Exercise description
The lines from the one containing "Trump’tan sinkaflı sözler!" to the end of the entries, both included, are what you need to transcribe exactly, without pictures and without anything else.

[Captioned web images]
»»

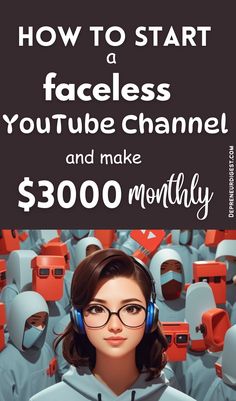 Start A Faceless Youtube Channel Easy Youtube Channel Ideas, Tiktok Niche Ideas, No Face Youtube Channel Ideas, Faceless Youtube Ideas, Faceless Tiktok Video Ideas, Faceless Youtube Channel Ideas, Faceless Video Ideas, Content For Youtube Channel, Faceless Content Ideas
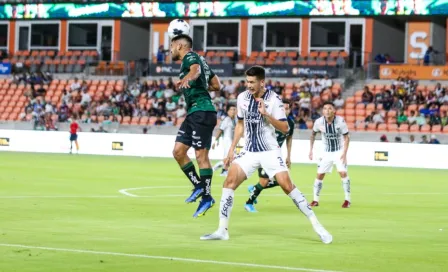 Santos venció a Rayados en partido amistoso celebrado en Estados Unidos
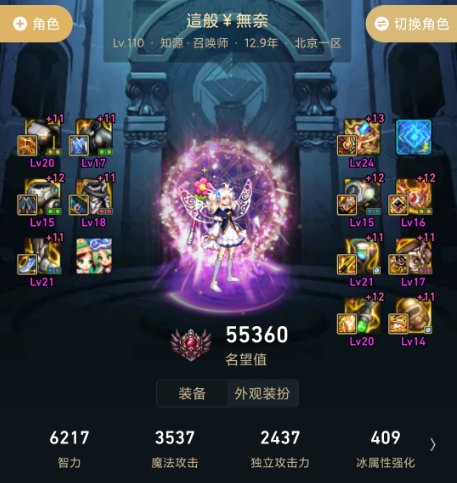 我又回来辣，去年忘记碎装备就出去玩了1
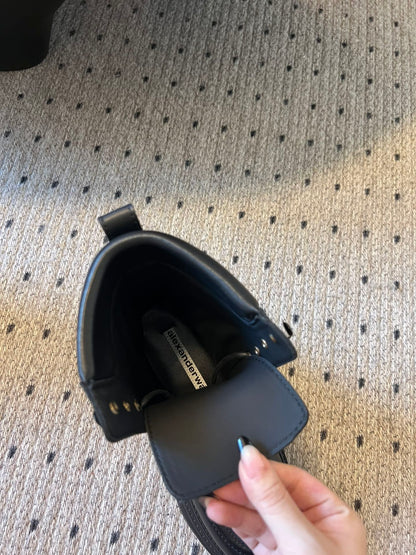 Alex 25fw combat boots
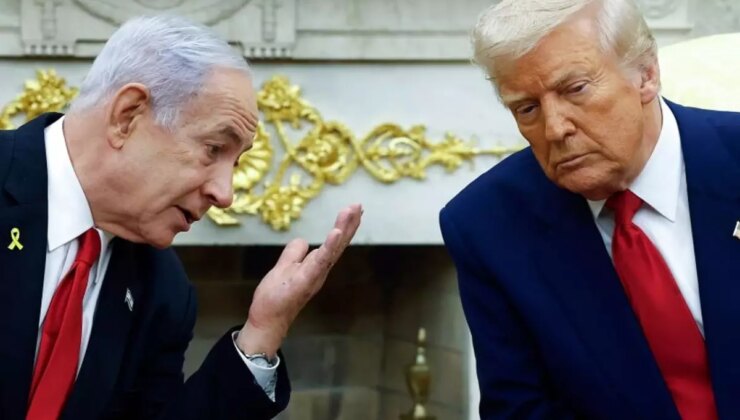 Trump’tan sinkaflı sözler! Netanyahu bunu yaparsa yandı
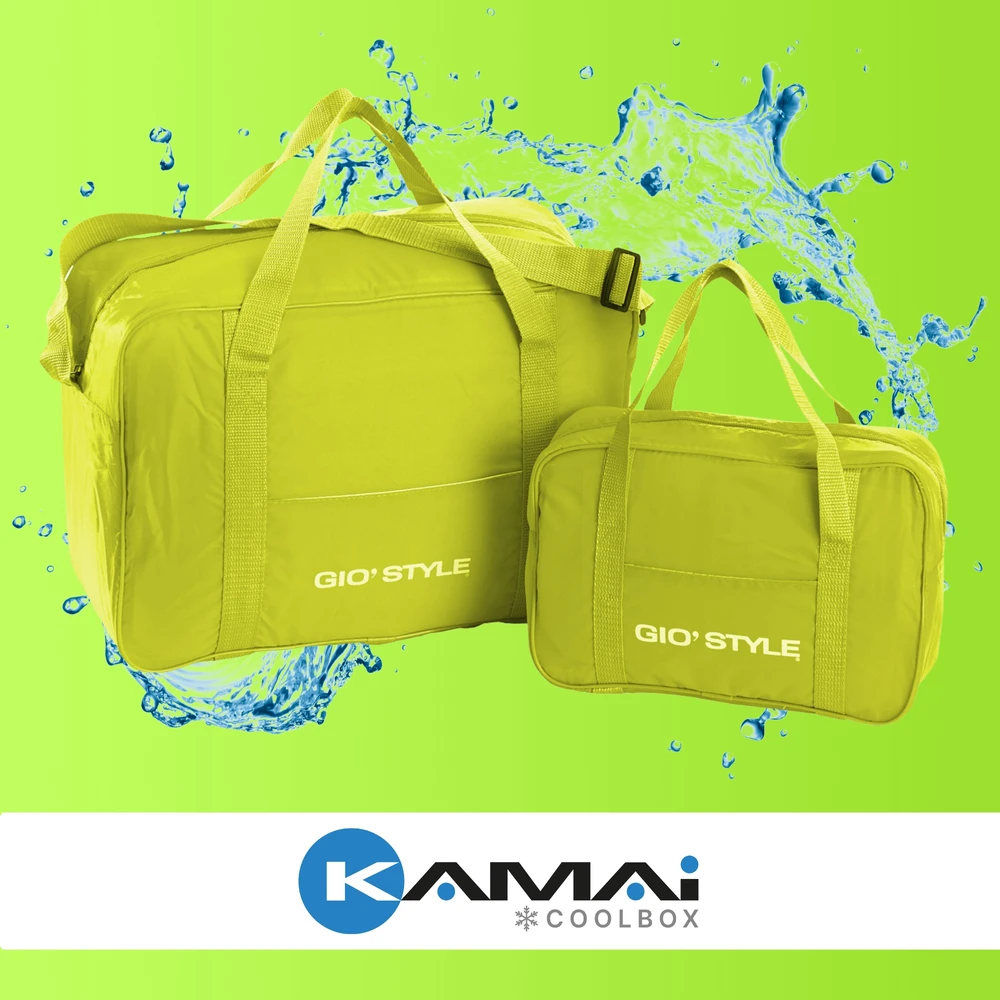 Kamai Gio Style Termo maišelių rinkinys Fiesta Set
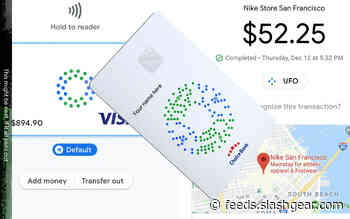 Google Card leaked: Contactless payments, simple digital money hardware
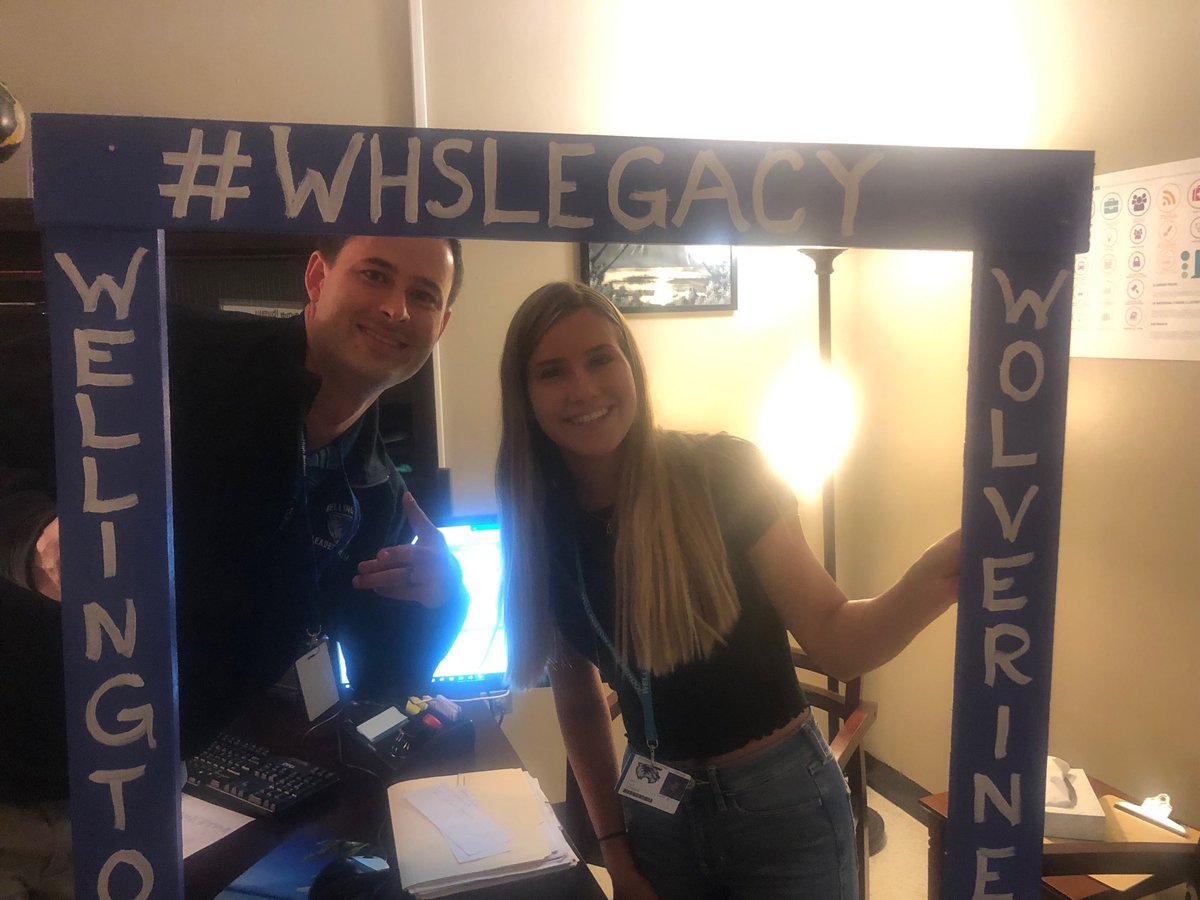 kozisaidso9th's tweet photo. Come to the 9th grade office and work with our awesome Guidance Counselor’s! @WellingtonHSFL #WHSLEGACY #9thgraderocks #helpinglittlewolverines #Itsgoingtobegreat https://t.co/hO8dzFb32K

««

Answer area
 Trump’tan sinkaflı sözler! Netanyahu bunu yaparsa yandı
 Kamai Gio Style Termo maišelių rinkinys Fiesta Set
 Google Card leaked: Contactless payments, simple digital money hardware
 kozisaidso9th's tweet photo. Come to the 9th grade office and work with our awesome Guidance Counselor’s! @WellingtonHSFL #WHSLEGACY #9thgraderocks #helpinglittlewolverines #Itsgoingtobegreat https://t.co/hO8dzFb32K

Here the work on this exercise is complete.